### Exercise directions
Go to the line with "Image of Vidaxl" in the material below and copy from there through the line with "Noor-Mae draaibare eetkamerstoel", exactly. Pictures are not copied.

### Given information
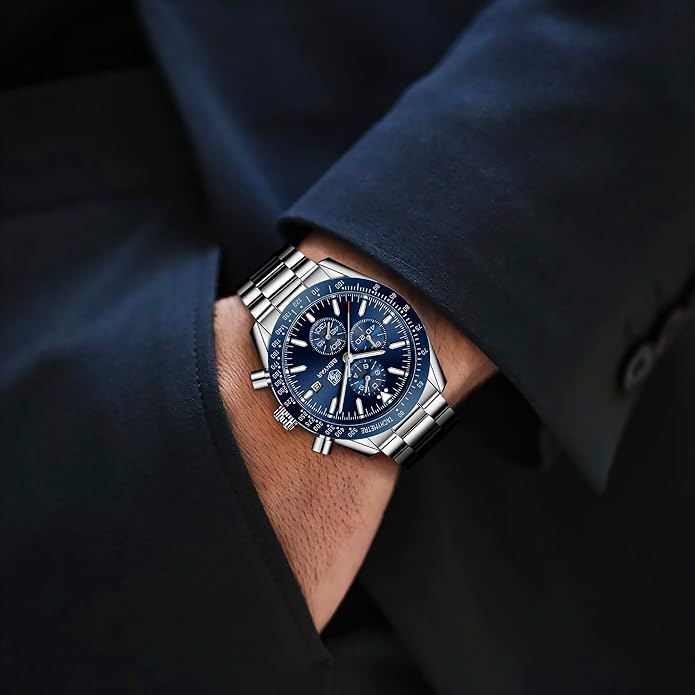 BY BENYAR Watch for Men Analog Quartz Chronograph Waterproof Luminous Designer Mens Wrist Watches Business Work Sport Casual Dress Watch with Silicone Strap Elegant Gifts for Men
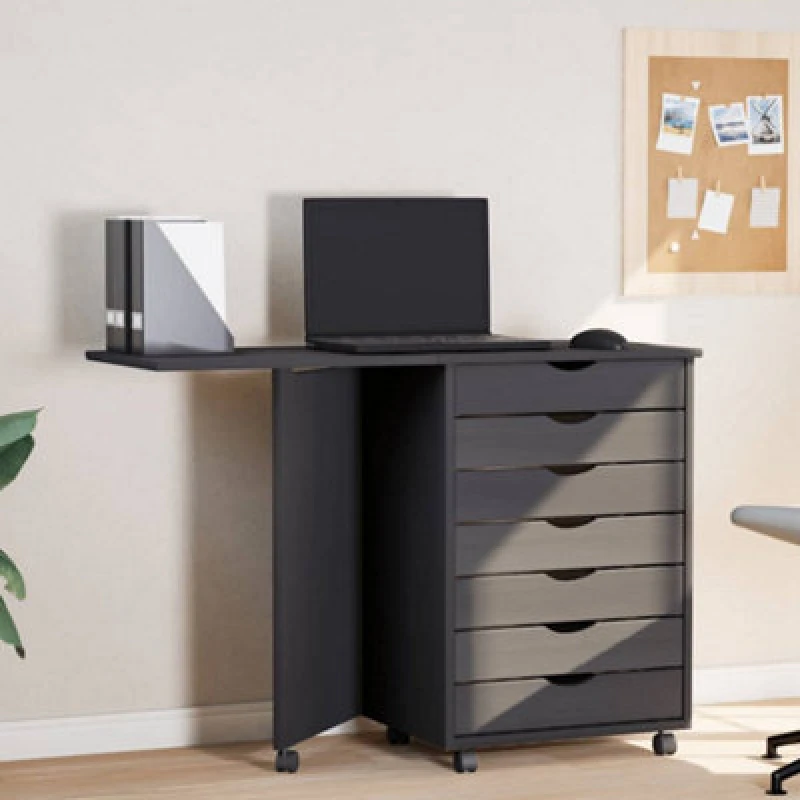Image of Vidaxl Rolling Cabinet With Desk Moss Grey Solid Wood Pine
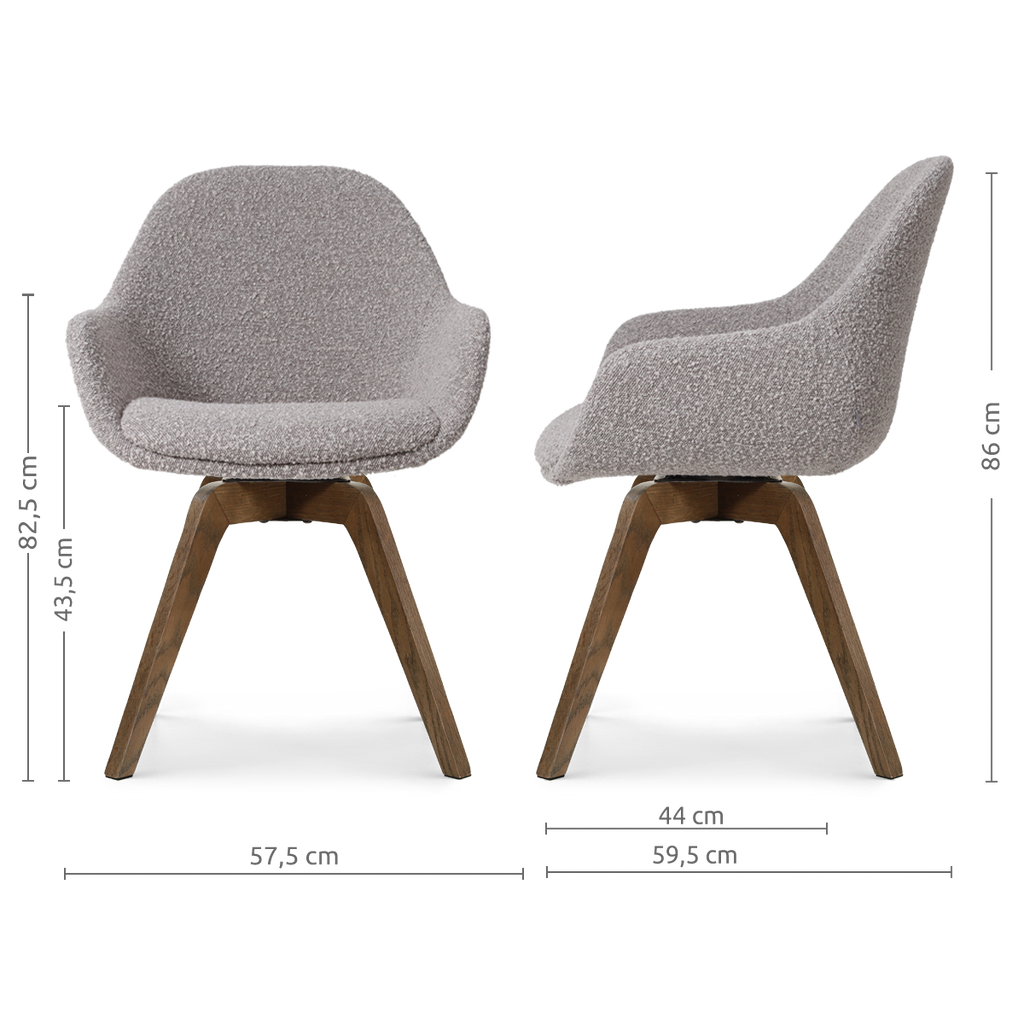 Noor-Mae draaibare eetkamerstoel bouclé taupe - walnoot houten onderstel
...
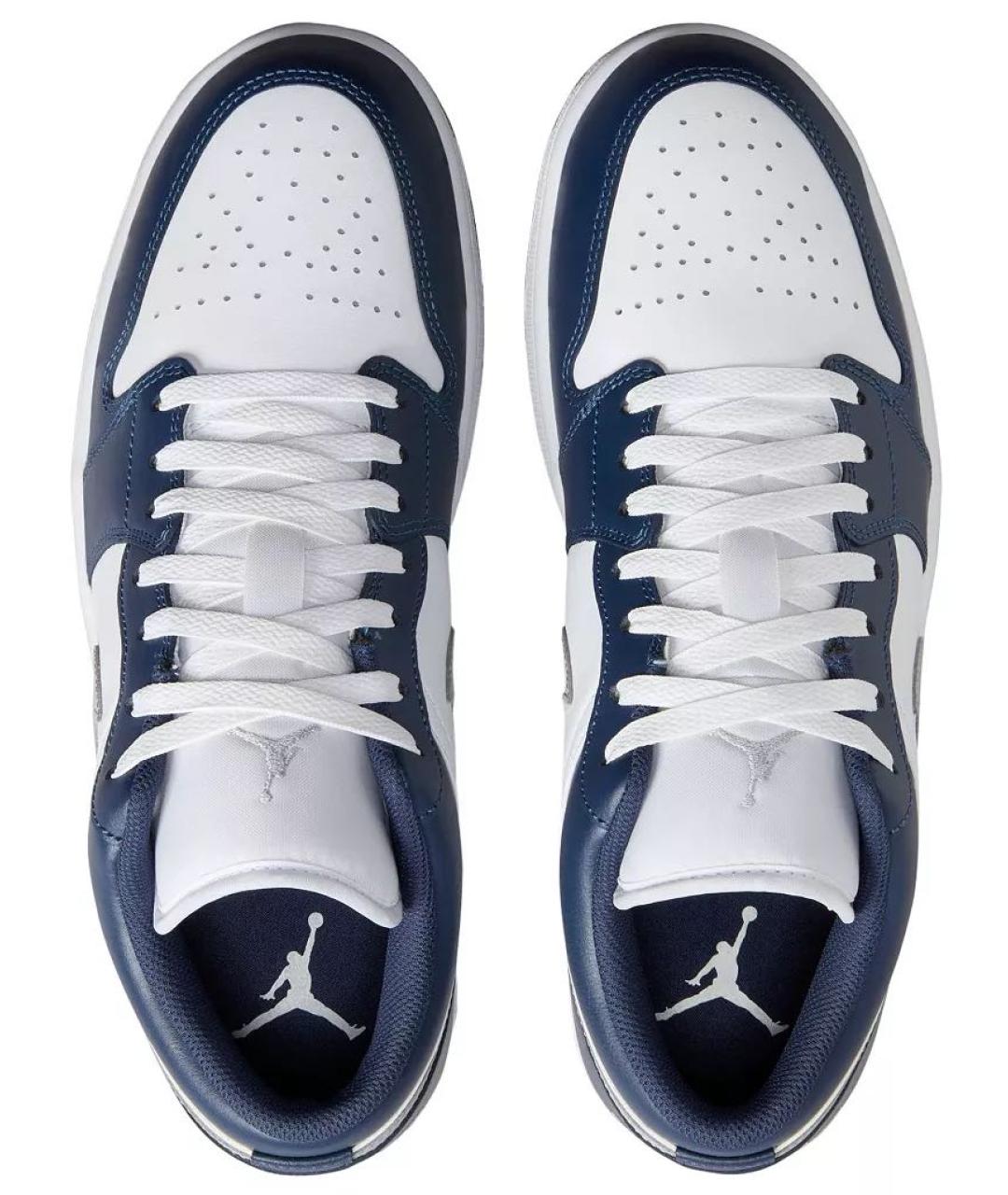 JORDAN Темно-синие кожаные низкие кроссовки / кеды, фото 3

### Output of the task
Image of Vidaxl Rolling Cabinet With Desk Moss Grey Solid Wood Pine
 Noor-Mae draaibare eetkamerstoel bouclé taupe - walnoot houten onderstel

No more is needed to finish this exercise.